** RECORDS TO PROCESS follows **

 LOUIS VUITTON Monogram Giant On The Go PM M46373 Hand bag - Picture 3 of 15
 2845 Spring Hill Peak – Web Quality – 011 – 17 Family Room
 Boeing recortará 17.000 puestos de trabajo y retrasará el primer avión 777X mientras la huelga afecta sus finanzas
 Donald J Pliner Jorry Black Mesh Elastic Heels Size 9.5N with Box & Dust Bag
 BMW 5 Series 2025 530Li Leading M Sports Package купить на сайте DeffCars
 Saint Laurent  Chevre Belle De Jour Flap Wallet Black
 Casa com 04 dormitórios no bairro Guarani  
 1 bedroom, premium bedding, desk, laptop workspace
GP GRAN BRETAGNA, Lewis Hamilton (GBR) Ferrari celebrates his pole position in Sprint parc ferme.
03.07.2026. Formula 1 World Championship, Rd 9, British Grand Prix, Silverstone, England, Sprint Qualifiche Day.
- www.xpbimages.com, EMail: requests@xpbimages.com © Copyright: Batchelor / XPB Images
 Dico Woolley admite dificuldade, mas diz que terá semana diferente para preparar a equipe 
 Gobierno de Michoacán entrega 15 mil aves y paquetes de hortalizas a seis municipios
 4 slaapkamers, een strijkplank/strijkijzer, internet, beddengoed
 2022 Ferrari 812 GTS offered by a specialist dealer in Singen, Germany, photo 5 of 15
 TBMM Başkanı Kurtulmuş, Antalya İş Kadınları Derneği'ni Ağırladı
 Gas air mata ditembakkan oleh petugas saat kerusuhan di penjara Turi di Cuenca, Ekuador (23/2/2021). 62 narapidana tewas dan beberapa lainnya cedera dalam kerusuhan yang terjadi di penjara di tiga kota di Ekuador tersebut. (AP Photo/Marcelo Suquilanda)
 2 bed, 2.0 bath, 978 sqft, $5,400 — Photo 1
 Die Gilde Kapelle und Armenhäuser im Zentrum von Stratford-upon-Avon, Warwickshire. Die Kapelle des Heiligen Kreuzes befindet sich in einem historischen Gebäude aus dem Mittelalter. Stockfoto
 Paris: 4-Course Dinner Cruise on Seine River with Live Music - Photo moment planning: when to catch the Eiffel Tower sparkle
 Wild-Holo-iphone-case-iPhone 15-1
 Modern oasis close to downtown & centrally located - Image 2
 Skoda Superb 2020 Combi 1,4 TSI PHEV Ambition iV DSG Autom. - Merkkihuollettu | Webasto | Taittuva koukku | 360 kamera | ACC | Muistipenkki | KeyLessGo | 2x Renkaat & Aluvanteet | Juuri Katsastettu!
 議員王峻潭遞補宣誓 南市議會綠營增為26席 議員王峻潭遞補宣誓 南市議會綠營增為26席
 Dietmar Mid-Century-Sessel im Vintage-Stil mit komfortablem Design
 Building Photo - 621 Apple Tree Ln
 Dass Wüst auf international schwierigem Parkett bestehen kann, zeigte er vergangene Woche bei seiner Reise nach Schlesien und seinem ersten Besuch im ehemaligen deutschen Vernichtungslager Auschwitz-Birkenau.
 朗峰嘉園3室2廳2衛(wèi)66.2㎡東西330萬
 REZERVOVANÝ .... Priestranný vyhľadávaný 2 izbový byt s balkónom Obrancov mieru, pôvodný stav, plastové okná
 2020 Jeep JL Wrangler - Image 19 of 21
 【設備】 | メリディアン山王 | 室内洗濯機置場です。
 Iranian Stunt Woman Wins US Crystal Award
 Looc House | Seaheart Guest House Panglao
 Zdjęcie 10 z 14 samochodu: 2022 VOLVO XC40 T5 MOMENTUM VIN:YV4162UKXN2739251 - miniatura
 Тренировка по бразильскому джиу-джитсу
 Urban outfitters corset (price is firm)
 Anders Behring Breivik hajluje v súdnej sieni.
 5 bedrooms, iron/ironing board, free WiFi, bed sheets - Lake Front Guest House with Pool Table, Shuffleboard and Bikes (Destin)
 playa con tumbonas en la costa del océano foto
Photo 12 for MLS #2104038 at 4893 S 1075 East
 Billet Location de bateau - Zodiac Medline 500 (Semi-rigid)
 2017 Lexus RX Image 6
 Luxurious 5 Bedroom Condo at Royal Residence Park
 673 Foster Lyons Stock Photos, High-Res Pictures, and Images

** End of RECORDS TO PROCESS **

▶ ACTIVITY
Within the listing above, extract exactly the lines from the line with "朗峰嘉園3室2廳2衛(wèi)66.2㎡東西330萬" to the line with "Looc House | Seaheart Guest House Panglao", the two named lines included, and no others.

▶ EXERCISE SOLUTION
 朗峰嘉園3室2廳2衛(wèi)66.2㎡東西330萬
 REZERVOVANÝ .... Priestranný vyhľadávaný 2 izbový byt s balkónom Obrancov mieru, pôvodný stav, plastové okná
 2020 Jeep JL Wrangler - Image 19 of 21
 【設備】 | メリディアン山王 | 室内洗濯機置場です。
 Iranian Stunt Woman Wins US Crystal Award
 Looc House | Seaheart Guest House Panglao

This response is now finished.